The book and reference genre includes a variety of apps: software for processing and reading ebooks, various collections of libraries, dictionaries, tutorials on programming or languages, etc. It seems there's still a small number of extremely popular apps that skew the average:
Google Play Books : 1,000,000,000+ Bible : 100,000,000+ Amazon Kindle : 100,000,000+ Wattpad Free Books : 100,000,000+ Audiobooks from Audible : 100,000,000+
However, it looks like there are only a few very popular apps, so this market still shows potential.
We also notice there are quite a few apps built around the book Quran, which suggests that building an app around a popular book can be profitable. It seems that taking a popular book (perhaps a more recent book) and turning it into an app could be profitable for both the Google Play and the App Store markets.
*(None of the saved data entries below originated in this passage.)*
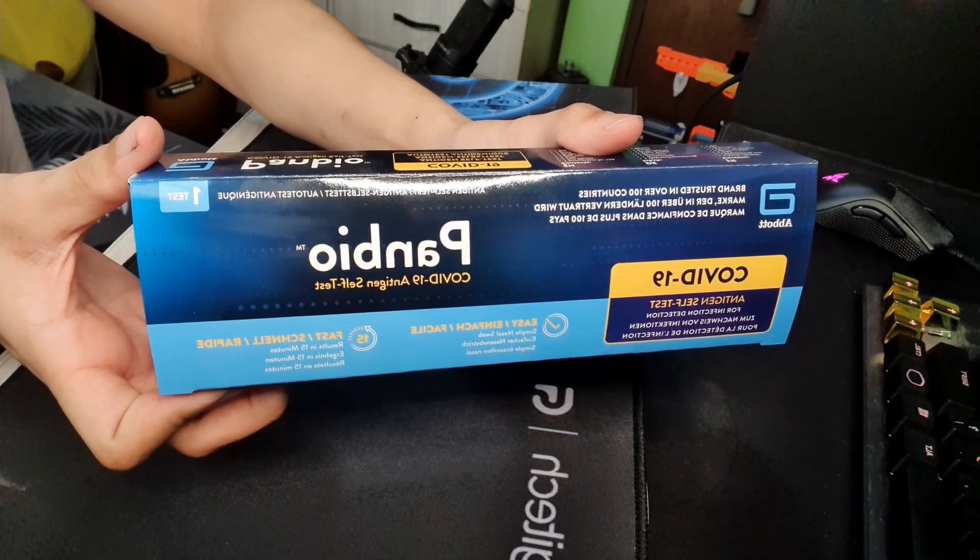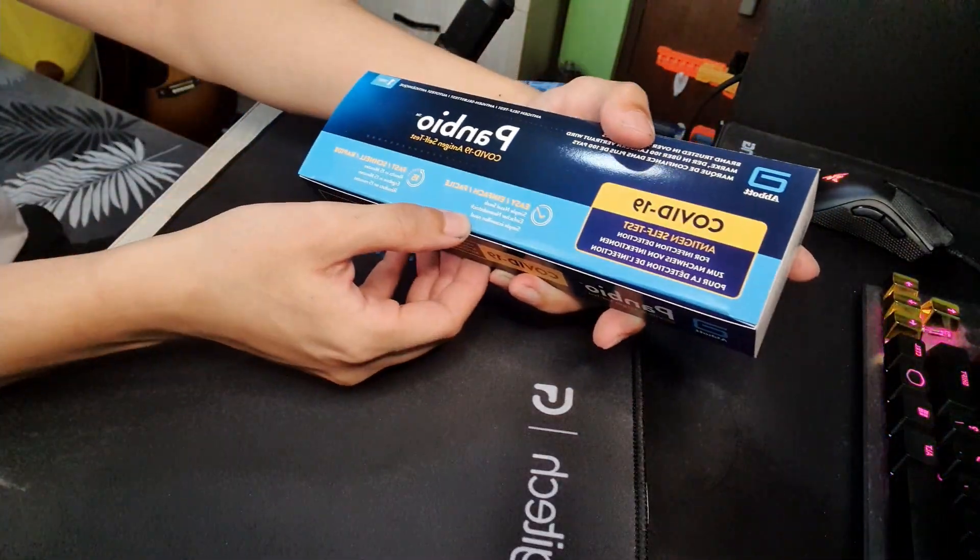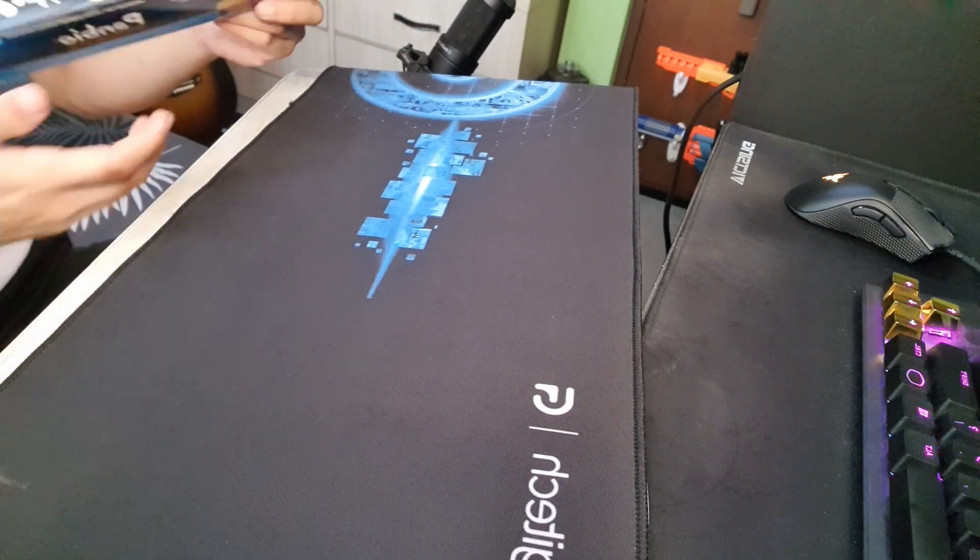Alright, let's open it. Inside the box, you'll find an instruction manual. One is in French, one is in English, and one is in Dutch. We're going to be using English. Abbott is actually a brand that makes more of baby powder, but it's smart of the company to extend to this kind of thing.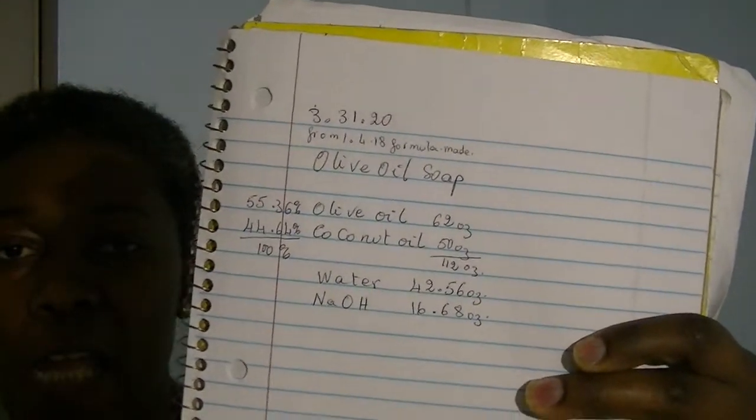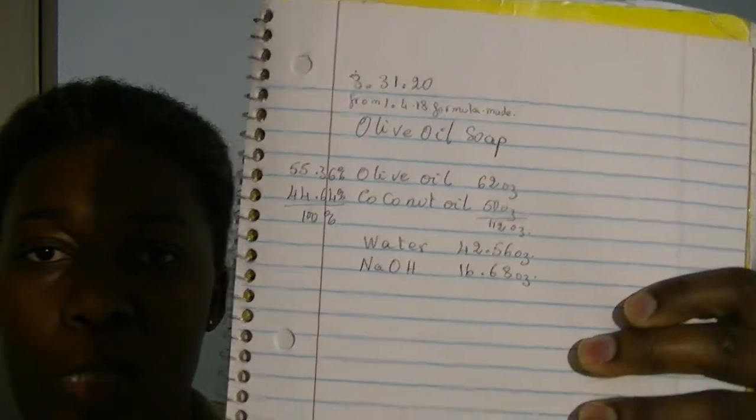Good morning. I'm going to make light soap and I'd like to take you along and show you the whole process from start to finish. I'm going to make multiple short videos to record the whole process. This is a formula I tried in 2018, and I'm going to try it again to see how I feel about the proportion of oils. It's going to be olive oil soap, because olive oil is going to be the highest ingredient.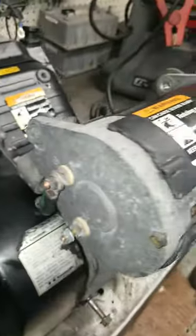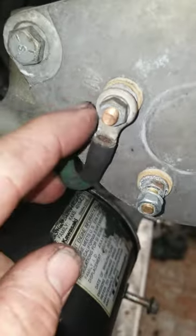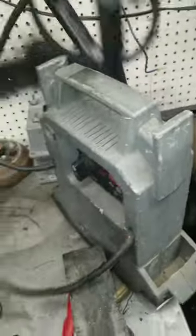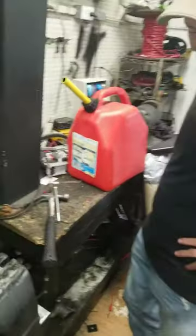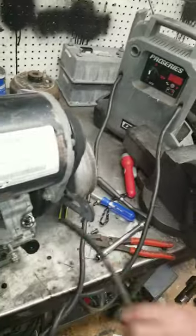All right, thanks for tuning in to another one of my videos. Today we're going to show you how to test a starter out of the car. Make sure your jumper wires are hooked up to A1 to F1. We're using a jumper box here — got a new helper here, he's been here about 37 years.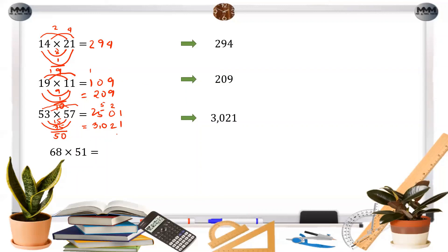The next answer is 3468: the leading product is 30, the ones digit is 8, the middle products are 40 and 6, giving 4664 combined, and the final answer is 3468.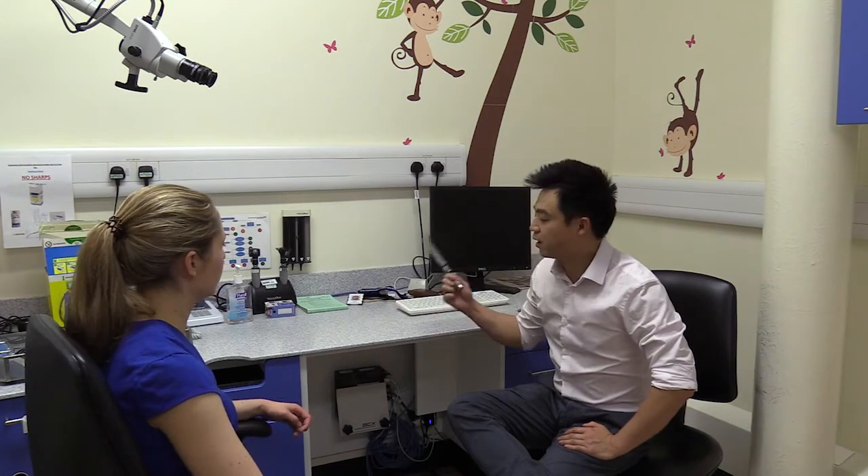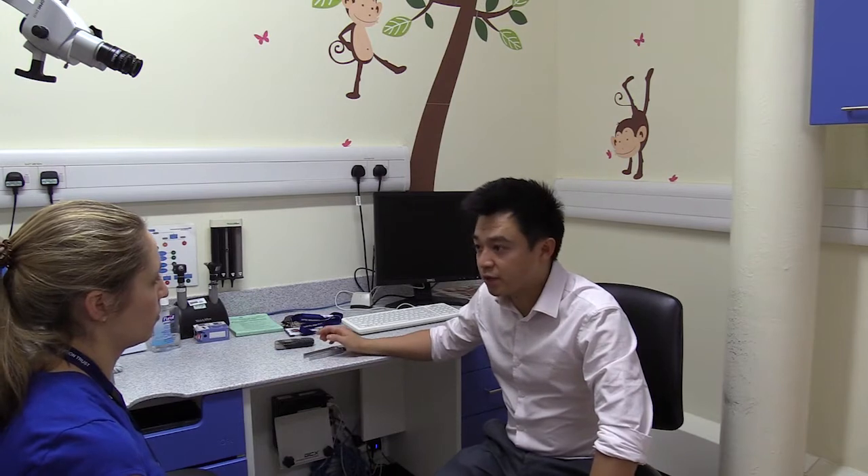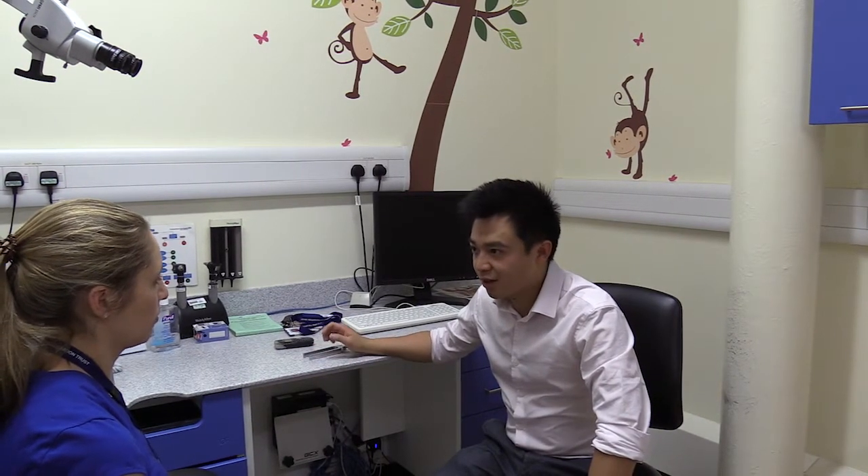We're going to do some hearing tests now using a tuning fork. I'm going to present to you two sounds — sound number one and sound number two — and I'd like you to tell me which is louder.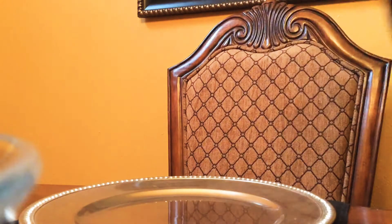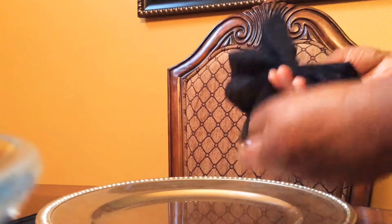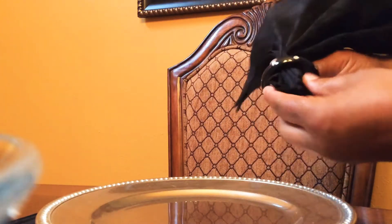fold it, and you go back and forth like this. Just if you want to set something on the table, you can move it when you get ready to eat. So you take your napkin ring, you stick it in half, you fold it back and forth.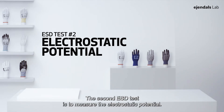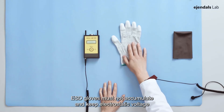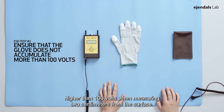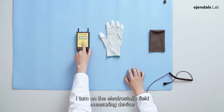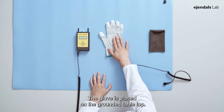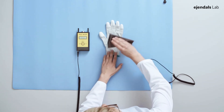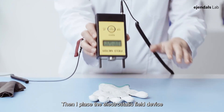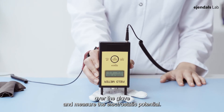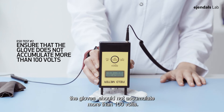The second ESD test is to measure the electrostatic potential. ESD gloves must not accumulate and keep electrostatic voltage higher than 100 volts when measuring 2 cm from the surface. Here are the steps in the measurement. I turn on the electrostatic field measuring device. The glove is placed on the grounded tabletop. I touch with hand or cloth on the glove. I wait 2 seconds. Then I place the electrostatic field device over the glove and measure the electrostatic potential. To pass the test, the glove should not accumulate more than 100 volts.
However, it looks like the market is already full of libraries, so we need to add some special features besides the raw version of the book. This might include daily quotes from the book, an audio version of the book, quizzes on the book, a forum where people can discuss the book, etc.
The above steps would assist:
In this project, we analyzed data about the App Store and Google Play mobile apps with the goal of recommending an app profile that can be profitable for both markets.
We conclude that taking a popular book (perhaps a more recent book) and turning it into an app could be profitable for both the Google Play and the App Store markets. The markets are already full of libraries, so we need to add some special features besides the raw version of the book. This might include daily quotes from the book, an audio version of the book, quizzes on the book, a forum where people can discuss the book, etc.